The child embodies origin, authenticity, warmth, playfulness, innocence, relaunch and the choice of a new generation. The child is art. In art you have from time to time direct references to the child respectively its spirit, usually when the stupid grown-ups have failed again. In Dadaism, for instance. After WW2 in Art Informel and in Art Brut. Both significantly relate to Jean Dubuffet. Dubuffet tried to re/discover innocence and presuppositionlessness in art, and longed for access to the raw imagination/experience. He related to the unconscious, yet not in the sense of delirious association, as you have it in surrealism, but rather in automatism and rawness and the uncoditionality of the (artistic) expressions of children, outsiders and the mentally ill („Art Brut“). In his days the question was virulent in art of whether art should relate to reality, or the artist is to be understood as a creator of autonomous forms – and in Dubuffet´s art you have an amalgamation of both. It tries to establish an autonomous individual´s reality. Like Wols (who philosophised about the microcosm inherent in a crack in the pavement), Dubuffet found things produced by matter itself sometimes more interesting than things produced by man, and he tried to give banal things dignity. He was highly aware of the interconnectedness, of the primal unity of all things and occasionally found the space between objects more interesting than the objects themselves. In order to produce his paintings he used his fingers, he used spoons or scrapers. In his metaphysics of a keen interconnectedness and unity of things he understood this mode of unity as a permanent metamorphosis that happens between things, respectively between man and his surroundings. He also saw the primal ground of undifferentiatedness (and expressed it, for instance, in Place for Awakening, an undifferentiated, amorphous field of primal chaos) and the task of the artist to erect (malleable, flexible) forms.

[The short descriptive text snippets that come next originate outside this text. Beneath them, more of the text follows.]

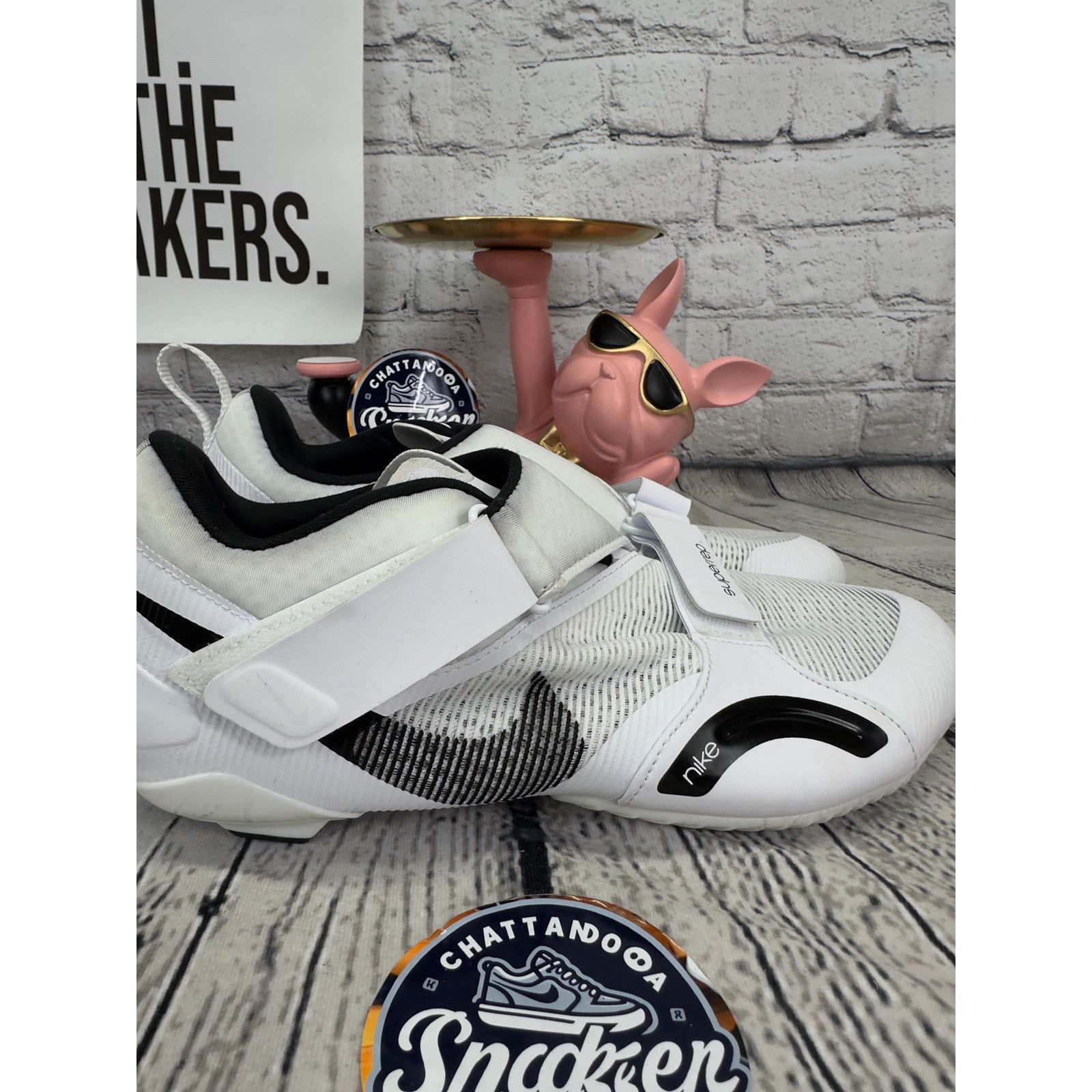 Nike Nike SuperRep Cycle Shoes Mens 8.5 White Indoor Gym Cycling Size US 8.5 / EU 41-42 - 5 Thumbnail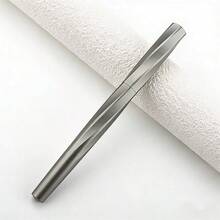 Magnetic Cap Fountain Pen 2 Nibs Options F Nib / 0.8mm Small Art Nib Metal Pen For Students Office - F 0.5MM - View 10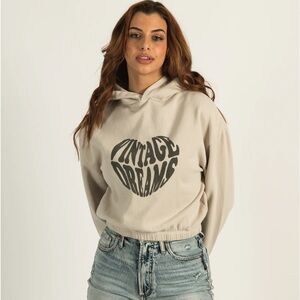 Harlow hoodie size small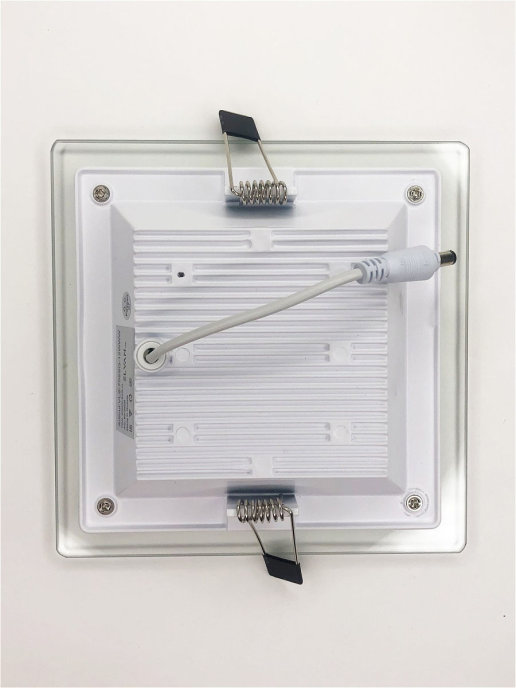 Встраиваемый светильник Elvan VLS-705SQ-12W-WH-Wh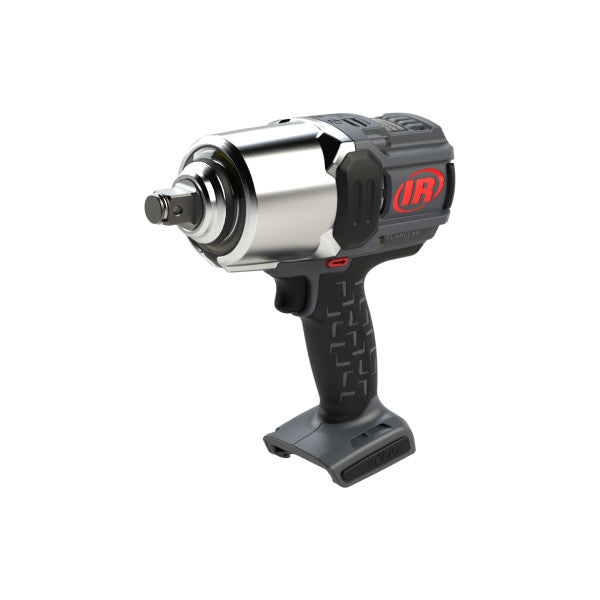 20V 1" W8191 Ingersoll Rand 2710 Nm rázový uťahovák na batérie, stroj bez batérie, pohľad zľava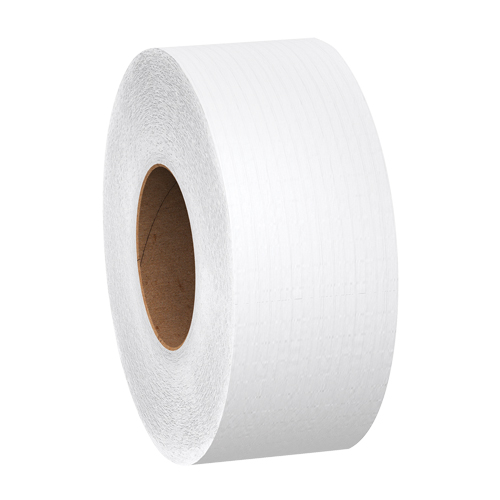 Scott&reg; JRT Jr. Toilet Paper, Jumbo Roll, 2 Ply, 1000' Length, White Equipex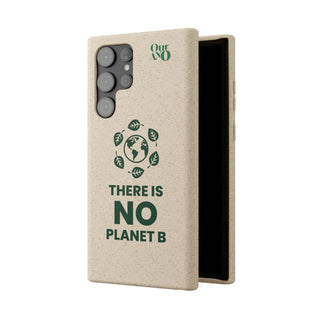 "NO PLANET B" APPLE IPHONE CASE - 100% SUSTAINABLE - ouraxo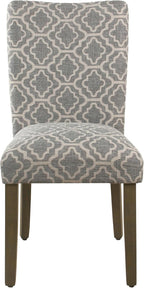 HomePop Parsons Classic Upholstered Accent Dining Chair - Image 7
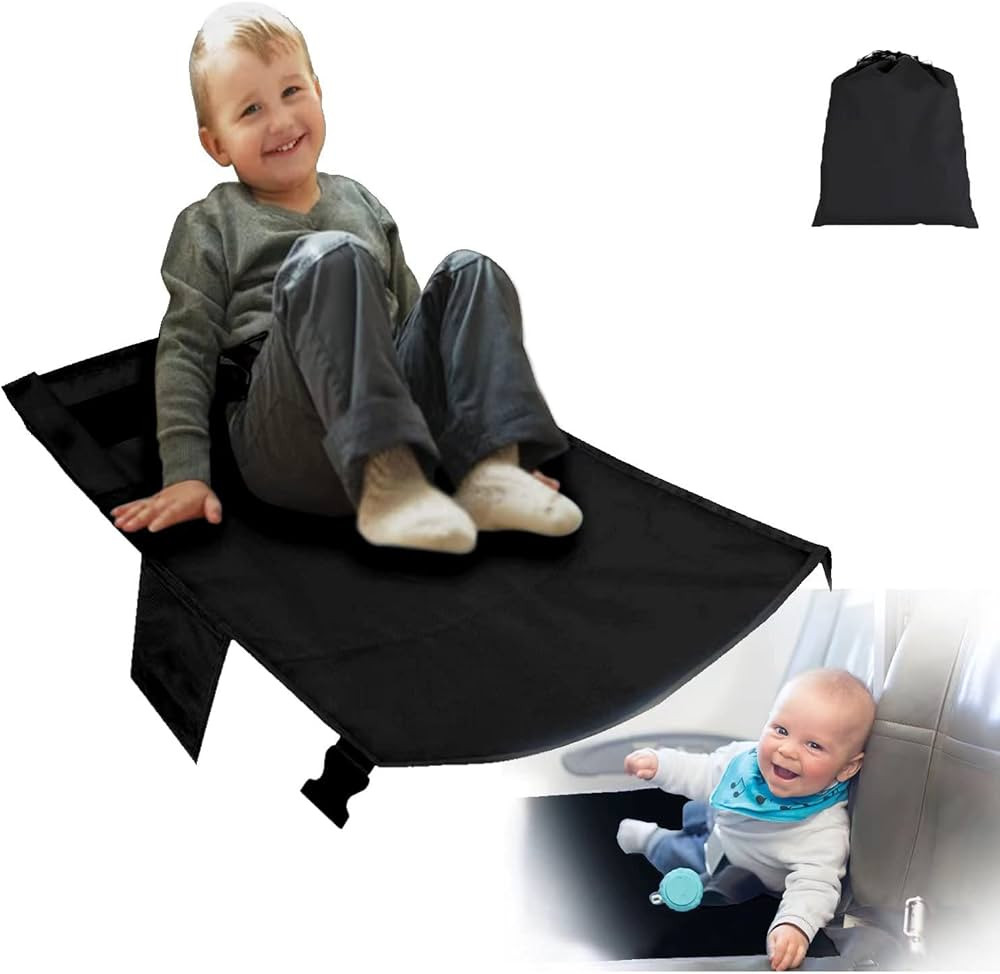 Airplane Footrest for Kids, Toddler Travel Bed Airplane Seat Extender,Kids Bed Airplane Seat Exte... | Amazon (CA)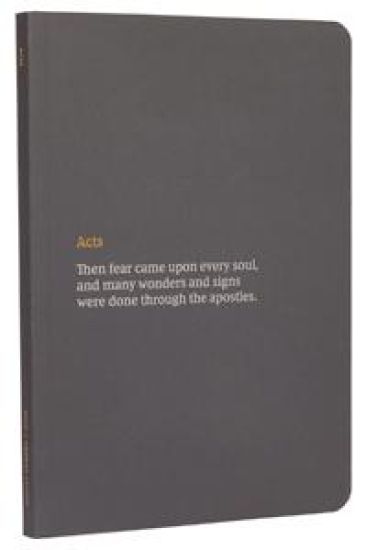 NKJV Bible Journal - Acts, Paperback, Comfort Print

In the late 1940s also the CoBrA group tried to establish authentic art by relating to the expression of outsiders in a grown up world (i.e. children, the mentally ill, etc.). However, the group disbanded after a while as they began to sense that in doing so, i.e. in trying to undermine style, a new style began to emerge – as something CoBrA was eager to avoid, although its members continued to produce art as individuals afterwards. CoBrA had understood its mission as distinctly political as well. Ferdinand Georg Waldmüller, in his depictions of the full potential of human gesture, also often relied on the depiction of children. Bouguereau used to paint cool children. In our days, Morgan Waistling does.

Upon reflection, there doesn´t seem to be enough childishness in art. Well, Nietzsche once said, in the realm of the intellect there are artists, philosophers, scholars, scientists. All of them are rare among humans, and he said that artists usually are very vain and conceited. The rarest of all are individuals are those interested in nothing but digging mole gangs, subterranean tunnels, in blindness, just for the sake of discovering something new about existence. According to him, that´s the true anti-egotism (and is usually poorly rewarded). I cannot find this aphorism right now, maybe it is in the second book of Menschliches, Allzumenschliches or in Morgenröte or Die Fröhliche Wissenschaft. Vincent, the Omega Painter, for instance, was of this kind (and also Franz, who explicitely wrote about a giant mole and about subterranean tunnel burrows). According to legend, van Gogh used to get very aroused when he saw little children, and he said: A child in the cradle has the infinite in his eyes. When his acquaintance Sien brought a child to this world, Willem, Vincent again was very fond, and also in the eyes of Willem he saw the infinite (Willem later became a worker for a railway company and made himself unpopular among his comrades with his flirtations with fascism).